British naturalist Charles Darwin is credited with the theory of evolution, but a crucial part of his theory came from his mentor, a lesser known but equally bright Cambridge University professor.
Darwin’s teacher, John Stevens Henslow, may have been relegated to an eternity of obscurity were it not for database analytics. For more than two years, a team of researchers worked to uncover a secret hidden in Henslow’s vast, brittle collection of plants — called an herbarium — from more than 160 years ago.
Using the original collection at the University of Cambridge in England, researchers transferred the data into an early beta version of Microsoft Corp.’s SQL Server 2005, said Mark Whitehorn, a database expert who worked on the project. He said the project illustrates SQL Server’s cost efficiency, and Microsoft has been actively promoting the case study.
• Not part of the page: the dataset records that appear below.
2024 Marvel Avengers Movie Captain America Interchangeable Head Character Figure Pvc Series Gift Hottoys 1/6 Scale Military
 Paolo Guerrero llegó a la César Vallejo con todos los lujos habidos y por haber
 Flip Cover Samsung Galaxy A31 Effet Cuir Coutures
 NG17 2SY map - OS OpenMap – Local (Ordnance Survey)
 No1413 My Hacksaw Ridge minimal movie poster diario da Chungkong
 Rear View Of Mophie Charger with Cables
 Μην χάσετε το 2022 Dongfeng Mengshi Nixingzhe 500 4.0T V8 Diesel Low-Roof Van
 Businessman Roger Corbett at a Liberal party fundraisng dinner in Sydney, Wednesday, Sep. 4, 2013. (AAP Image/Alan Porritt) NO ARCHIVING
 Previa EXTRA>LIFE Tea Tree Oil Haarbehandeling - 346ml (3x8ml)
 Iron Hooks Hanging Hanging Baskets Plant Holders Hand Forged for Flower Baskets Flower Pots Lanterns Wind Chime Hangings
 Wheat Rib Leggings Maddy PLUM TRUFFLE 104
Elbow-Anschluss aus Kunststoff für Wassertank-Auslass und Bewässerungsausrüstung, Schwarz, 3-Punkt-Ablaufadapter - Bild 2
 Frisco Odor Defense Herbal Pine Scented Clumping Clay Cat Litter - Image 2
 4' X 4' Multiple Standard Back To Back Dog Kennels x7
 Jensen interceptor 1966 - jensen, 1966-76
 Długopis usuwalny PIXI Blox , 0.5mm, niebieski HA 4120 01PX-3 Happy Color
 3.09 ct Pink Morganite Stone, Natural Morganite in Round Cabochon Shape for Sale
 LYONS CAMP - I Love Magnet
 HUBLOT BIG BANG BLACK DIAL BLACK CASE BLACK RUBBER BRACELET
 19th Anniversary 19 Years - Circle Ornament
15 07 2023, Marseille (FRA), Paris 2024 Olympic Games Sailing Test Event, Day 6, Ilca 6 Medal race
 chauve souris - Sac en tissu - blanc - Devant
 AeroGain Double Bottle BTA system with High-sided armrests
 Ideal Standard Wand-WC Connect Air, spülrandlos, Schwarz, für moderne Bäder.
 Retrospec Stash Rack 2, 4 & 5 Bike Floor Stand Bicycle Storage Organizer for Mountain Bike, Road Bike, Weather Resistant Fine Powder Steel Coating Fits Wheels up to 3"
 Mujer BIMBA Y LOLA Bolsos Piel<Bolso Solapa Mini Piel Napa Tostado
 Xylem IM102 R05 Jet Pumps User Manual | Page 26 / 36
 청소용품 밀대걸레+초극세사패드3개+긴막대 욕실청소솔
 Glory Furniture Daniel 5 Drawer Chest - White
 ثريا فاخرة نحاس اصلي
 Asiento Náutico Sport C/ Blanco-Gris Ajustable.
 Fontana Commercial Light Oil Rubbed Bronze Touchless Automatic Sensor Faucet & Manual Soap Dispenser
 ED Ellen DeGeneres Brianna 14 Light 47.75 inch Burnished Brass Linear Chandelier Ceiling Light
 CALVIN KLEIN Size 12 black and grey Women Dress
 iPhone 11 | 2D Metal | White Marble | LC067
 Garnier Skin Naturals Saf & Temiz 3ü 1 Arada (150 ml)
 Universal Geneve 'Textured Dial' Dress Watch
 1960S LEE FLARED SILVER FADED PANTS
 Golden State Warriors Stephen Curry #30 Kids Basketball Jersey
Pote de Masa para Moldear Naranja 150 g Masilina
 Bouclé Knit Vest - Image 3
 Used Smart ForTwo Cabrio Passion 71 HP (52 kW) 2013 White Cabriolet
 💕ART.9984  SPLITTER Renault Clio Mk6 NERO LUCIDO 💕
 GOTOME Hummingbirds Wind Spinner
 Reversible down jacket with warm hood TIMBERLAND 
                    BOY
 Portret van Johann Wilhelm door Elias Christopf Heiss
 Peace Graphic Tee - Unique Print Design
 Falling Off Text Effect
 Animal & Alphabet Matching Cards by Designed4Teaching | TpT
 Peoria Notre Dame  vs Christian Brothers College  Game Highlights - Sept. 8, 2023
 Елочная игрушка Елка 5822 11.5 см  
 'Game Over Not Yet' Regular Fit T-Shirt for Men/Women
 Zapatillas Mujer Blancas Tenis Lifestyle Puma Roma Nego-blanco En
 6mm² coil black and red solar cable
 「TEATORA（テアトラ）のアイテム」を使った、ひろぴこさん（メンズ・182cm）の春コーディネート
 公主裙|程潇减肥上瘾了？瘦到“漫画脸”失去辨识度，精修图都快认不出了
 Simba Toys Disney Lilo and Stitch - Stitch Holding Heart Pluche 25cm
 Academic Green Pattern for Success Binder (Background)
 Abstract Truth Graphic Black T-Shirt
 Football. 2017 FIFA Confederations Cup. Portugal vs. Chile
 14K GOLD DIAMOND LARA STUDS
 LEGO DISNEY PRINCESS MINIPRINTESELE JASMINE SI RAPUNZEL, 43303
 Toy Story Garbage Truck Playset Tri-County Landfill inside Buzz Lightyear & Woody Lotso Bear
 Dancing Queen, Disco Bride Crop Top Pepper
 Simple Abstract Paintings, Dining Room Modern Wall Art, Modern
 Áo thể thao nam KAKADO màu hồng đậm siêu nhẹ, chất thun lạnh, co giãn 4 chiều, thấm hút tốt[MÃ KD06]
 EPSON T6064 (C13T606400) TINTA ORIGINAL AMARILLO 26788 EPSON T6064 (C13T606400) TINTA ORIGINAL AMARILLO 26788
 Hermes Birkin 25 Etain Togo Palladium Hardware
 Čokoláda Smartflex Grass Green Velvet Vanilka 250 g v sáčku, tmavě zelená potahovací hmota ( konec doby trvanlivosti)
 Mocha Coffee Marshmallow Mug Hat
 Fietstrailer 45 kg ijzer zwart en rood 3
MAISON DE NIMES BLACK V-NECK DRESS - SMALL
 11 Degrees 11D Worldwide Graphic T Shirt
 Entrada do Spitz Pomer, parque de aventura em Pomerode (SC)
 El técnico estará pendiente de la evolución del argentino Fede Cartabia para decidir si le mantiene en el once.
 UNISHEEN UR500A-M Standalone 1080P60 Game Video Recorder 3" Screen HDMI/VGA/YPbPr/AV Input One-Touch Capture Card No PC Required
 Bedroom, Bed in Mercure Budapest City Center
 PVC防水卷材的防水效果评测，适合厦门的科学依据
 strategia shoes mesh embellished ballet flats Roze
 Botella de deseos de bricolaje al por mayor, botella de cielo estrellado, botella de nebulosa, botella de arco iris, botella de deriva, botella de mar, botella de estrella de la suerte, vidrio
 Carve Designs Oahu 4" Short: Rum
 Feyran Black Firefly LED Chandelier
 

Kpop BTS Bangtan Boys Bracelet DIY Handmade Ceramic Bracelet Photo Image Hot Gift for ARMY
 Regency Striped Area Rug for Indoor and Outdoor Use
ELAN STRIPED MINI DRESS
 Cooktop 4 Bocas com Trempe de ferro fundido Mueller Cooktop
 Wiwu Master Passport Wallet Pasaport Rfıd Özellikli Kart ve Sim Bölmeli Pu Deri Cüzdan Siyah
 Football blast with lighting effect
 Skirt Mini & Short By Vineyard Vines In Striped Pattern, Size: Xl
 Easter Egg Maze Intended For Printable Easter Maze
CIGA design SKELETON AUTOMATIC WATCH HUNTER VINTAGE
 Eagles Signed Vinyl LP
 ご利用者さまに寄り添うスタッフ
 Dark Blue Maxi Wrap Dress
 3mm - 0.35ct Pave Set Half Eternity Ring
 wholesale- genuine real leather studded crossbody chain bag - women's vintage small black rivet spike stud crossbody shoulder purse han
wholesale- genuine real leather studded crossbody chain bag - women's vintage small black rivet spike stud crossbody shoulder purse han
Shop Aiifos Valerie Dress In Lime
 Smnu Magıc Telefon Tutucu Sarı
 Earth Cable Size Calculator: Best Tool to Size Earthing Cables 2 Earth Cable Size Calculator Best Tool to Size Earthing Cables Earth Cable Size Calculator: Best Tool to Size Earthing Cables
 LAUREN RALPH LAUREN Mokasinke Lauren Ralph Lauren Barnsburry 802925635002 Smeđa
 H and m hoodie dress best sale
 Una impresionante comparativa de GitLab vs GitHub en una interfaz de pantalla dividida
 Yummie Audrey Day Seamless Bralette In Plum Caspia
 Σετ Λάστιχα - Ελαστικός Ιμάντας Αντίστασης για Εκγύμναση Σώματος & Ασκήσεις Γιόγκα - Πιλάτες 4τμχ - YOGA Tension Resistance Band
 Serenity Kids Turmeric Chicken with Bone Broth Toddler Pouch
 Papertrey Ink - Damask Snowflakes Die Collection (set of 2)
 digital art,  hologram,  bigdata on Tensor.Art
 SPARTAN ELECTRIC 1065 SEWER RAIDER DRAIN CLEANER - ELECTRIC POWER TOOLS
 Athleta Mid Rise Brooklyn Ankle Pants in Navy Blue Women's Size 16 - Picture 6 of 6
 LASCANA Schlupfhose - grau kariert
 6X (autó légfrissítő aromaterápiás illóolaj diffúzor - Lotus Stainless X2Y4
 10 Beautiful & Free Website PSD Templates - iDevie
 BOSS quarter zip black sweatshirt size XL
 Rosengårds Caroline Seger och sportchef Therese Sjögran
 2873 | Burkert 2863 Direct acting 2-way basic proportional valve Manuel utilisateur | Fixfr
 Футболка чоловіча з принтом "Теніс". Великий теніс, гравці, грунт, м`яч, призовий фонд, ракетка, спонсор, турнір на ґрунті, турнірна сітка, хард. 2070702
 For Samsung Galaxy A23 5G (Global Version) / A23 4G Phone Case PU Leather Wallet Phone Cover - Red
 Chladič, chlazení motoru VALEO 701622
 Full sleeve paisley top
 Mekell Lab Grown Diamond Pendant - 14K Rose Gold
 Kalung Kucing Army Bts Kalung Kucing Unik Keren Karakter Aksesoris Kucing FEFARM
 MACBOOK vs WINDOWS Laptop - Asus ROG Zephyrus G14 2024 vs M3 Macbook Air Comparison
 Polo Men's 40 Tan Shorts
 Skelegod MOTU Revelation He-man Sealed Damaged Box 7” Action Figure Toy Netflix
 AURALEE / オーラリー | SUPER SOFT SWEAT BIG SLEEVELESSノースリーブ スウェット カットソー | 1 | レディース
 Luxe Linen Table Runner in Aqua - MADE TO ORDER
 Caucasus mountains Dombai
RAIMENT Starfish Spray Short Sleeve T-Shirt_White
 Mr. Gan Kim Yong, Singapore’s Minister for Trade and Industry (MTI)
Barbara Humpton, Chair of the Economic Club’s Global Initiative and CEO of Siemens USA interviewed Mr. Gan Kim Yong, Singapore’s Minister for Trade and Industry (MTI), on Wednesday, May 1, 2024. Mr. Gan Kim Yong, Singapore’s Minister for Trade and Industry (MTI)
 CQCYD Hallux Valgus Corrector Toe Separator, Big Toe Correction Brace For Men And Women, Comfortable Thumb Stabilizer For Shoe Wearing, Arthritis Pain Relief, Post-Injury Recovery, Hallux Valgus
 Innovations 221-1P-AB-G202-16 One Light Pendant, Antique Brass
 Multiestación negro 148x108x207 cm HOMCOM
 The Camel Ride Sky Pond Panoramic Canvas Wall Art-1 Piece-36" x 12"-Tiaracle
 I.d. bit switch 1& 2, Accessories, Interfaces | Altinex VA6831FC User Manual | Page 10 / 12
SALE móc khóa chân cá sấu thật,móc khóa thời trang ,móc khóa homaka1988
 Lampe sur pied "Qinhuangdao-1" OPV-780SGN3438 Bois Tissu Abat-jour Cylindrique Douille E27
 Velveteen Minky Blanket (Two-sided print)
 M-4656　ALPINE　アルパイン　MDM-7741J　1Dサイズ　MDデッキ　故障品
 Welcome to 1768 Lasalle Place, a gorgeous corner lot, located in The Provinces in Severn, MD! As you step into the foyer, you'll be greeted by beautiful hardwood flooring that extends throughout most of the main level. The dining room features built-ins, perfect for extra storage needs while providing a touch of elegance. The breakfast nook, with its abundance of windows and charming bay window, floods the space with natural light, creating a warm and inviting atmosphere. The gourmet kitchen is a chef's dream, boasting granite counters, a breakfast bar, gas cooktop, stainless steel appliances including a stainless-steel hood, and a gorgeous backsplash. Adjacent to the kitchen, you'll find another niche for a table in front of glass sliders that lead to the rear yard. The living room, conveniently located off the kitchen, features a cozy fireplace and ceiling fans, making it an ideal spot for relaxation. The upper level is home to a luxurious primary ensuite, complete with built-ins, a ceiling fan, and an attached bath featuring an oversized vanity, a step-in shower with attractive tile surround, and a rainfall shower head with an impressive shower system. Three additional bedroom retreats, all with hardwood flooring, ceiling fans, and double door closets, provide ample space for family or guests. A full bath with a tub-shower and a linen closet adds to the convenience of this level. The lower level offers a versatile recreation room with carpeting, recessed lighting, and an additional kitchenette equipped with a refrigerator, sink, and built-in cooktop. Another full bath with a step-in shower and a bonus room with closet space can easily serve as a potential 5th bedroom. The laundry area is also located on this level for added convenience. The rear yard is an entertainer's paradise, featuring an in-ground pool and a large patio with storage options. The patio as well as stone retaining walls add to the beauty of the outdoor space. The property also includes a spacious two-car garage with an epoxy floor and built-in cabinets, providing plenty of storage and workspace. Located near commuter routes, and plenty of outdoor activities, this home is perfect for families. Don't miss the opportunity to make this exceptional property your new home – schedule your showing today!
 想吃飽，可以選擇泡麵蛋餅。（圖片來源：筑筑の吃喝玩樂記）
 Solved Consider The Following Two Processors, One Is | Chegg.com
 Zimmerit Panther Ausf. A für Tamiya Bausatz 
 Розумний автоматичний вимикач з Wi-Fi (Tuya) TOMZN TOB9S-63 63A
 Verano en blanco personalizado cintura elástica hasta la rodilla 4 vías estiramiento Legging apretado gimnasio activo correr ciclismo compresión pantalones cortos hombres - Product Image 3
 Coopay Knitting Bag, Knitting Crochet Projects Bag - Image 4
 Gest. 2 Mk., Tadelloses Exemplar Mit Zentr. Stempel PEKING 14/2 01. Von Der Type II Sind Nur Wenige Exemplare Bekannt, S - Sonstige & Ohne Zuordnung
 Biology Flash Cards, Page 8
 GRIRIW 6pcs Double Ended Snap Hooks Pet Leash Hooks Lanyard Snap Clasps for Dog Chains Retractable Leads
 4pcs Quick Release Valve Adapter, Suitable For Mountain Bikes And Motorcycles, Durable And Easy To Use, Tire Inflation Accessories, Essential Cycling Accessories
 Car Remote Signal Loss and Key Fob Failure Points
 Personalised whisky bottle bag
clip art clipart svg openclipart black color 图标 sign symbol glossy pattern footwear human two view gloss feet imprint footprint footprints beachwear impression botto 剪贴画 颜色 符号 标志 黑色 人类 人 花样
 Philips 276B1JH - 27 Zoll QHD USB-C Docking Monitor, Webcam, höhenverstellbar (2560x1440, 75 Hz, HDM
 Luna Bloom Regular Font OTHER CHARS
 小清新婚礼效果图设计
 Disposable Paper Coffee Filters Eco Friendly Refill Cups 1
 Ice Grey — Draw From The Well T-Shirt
Microsoft was unaware a beta version of SQL Server 2005 was being used for the project until it was under way, Whitehorn said.
Henslow’s herbarium consists of 3,500 sheets with more than 10,000 dried plant samples he and others collected. At the time, Henslow carefully documented the samples’ origin, quantity, date collected and species, among other data.
Once in the database, scientists with expertise in other areas outside of computer science could pursue inquiries. The team included Professor David Kohn, a Darwin scholar at Drew University in New Jersey; Professor John Parker, a botanist at Cambridge; and Gina Murrell from Cambridge’s herbarium.
Using database analytics, researchers graphed different sets of data and rearranged them until patterns emerged, Whitehorn said.
Researchers were able to draw connections from the plants samples, such as when two collectors may have been traveling with each other at the same time. Plant species could be plotted against time to highlight collection trends from certain years.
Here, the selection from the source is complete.